Poverty in Djibouti
The Republic of Djibouti is a small country situated in the Horn of Africa between Eritrea, Somalia and Ethiopia. The nation is home to nearly one million Djiboutians today, and as many as 42% of them are living in poverty.

A Harsh Climate

The region’s harsh dry climate has exacerbated poverty in Djibouti, especially in rural areas where most practice nomadic farming. While one-third of the population tends to livestock, farming only represents 3% of the annual GDP in Djibouti. Unprofitable farming means Djiboutians rely on imports for nearly 90% of their food and are heavily dependent on variable international market prices.
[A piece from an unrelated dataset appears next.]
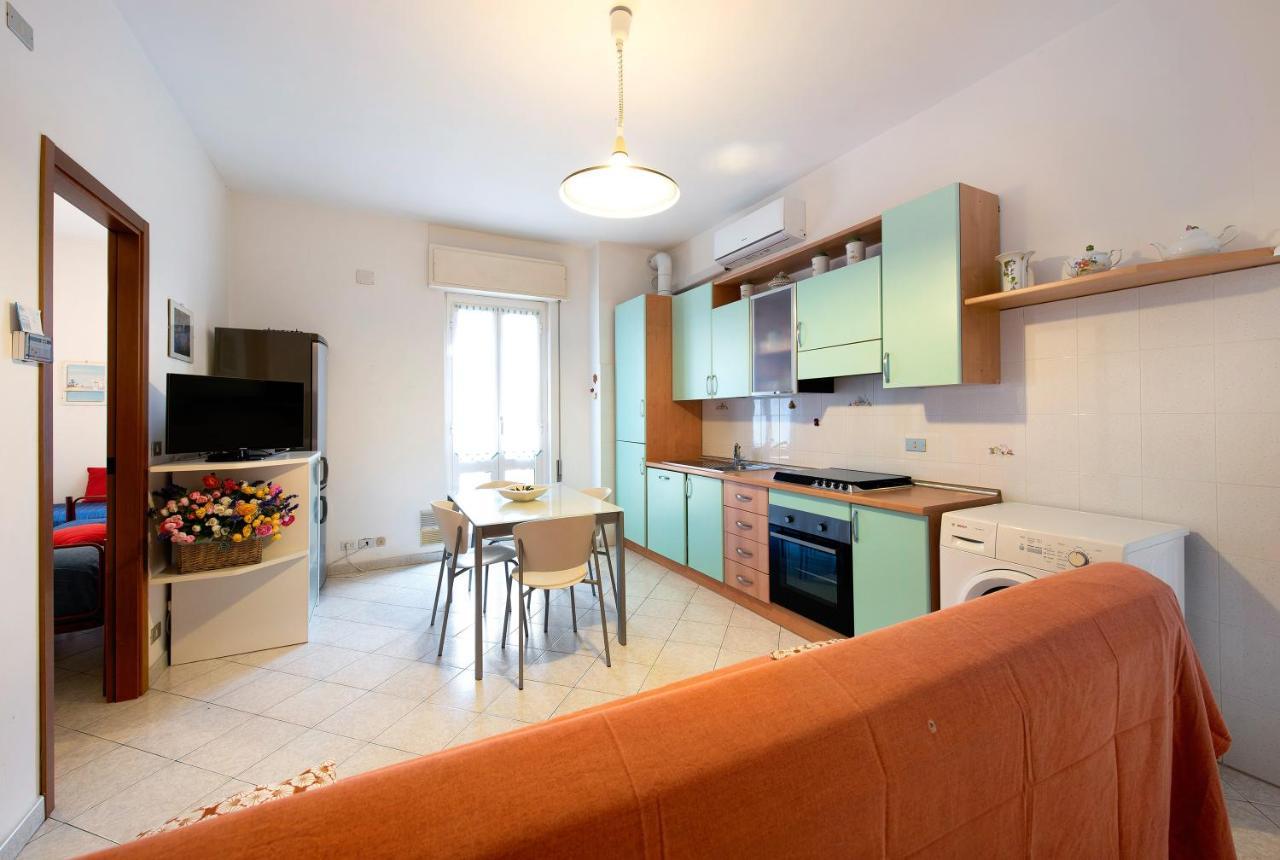 Trilocale Mazzini Con 2 Balconi Apartman Varazze Kültér fotó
Such dependence coupled with insufficient rains, long droughts and high unemployment rates put many farmers at risk of extreme poverty.

The Effects of Poverty in Djibouti

Though poverty rates are declining overall, over 70% of Djiboutians were still living on less than $5.50 a day as of 2017. This number is a result of limited gainful employment opportunities in the country.
Poverty in Djibouti results in malnutrition and food insecurity. According to the World Food Programme, as many as 7.5% of the country’s population was malnourished in 2016. According to the United Nations Center Office for Coordination of Humanitarian Affairs (OCHA), an estimated one-third of the population is chronically food insecure, with 62% of those living in rural areas lacking consistent access to nutritious food and a sufficiently varied diet.

Government Investments in the Fight Against Poverty

The Djiboutian government under President Guelleh has been working to provide relief to its impoverished citizens since 2003. The Guelleh administration passed both “the Strategic Document for Reducing the Poverty (SDRP) in 2003 and the National Initiative for Social Development (NISD) in 2007” to enhance entrepreneurship opportunities for Djiboutians. However, such efforts were unsuccessful in reducing the high unemployment rate and addressing poverty in Djibouti.
Despite the high rates of poverty in Djibouti, the Djiboutian government is cautiously optimistic that it can create jobs and pull its people out of famine. The country’s GDP continues to grow steadily on the back of foreign investments, increasing by nearly 6.8% in 2018. The Republic of Djibouti is of particular interest to China, who is interested in making the country a customs-free zone, harnessing its available natural resources such as salt and energy, and developing tourism services.

 

The Djiboutian government is also investing heavily in developing hydroelectric, port and railway infrastructure in the hopes of lifting its people out of poverty. These investments show that the country is interested in moving toward more of a transport and shipping economy, using its proximity to the Gulf of Aden to assert itself as a crucial trading partner in the Horn of Africa. These efforts to diversify its economy intended to provide new opportunities to Djiboutians to earn living wages, provide food for their families and lift themselves out of poverty.

 

To encourage entrepreneurship and continue to push the fight against poverty in Djibouti, the Guelleh administration also laid out the Vision Djibouti 2035 plan in 2014 and the Accelerated Growth Strategy and Promotion of Employment (SCAPE) in 2015. The long-term strategic framework in Vision Djibouti 2035 intends to push to the country toward emerging status by 2035, while the five-year plan laid out in SCAPE aims to provide relief in the short term. Among its many lofty goals, SCAPE outlines how the government intends to provide financial support to those working in agriculture and livestock, create infrastructure for economic valuation in important growth sectors like tourism and resource mining, speed up job creation to help Djiboutians find gainful employment and reduce extreme poverty in Djibouti by 20%.

 

Djibouti faces significant challenges as it grapples with poverty. However, there is hope. Through fruitful symbiotic partnerships with foreign powers like China and effective strategizing, the government hopes that poverty in Djibouti will be a thing for its history books by 2035.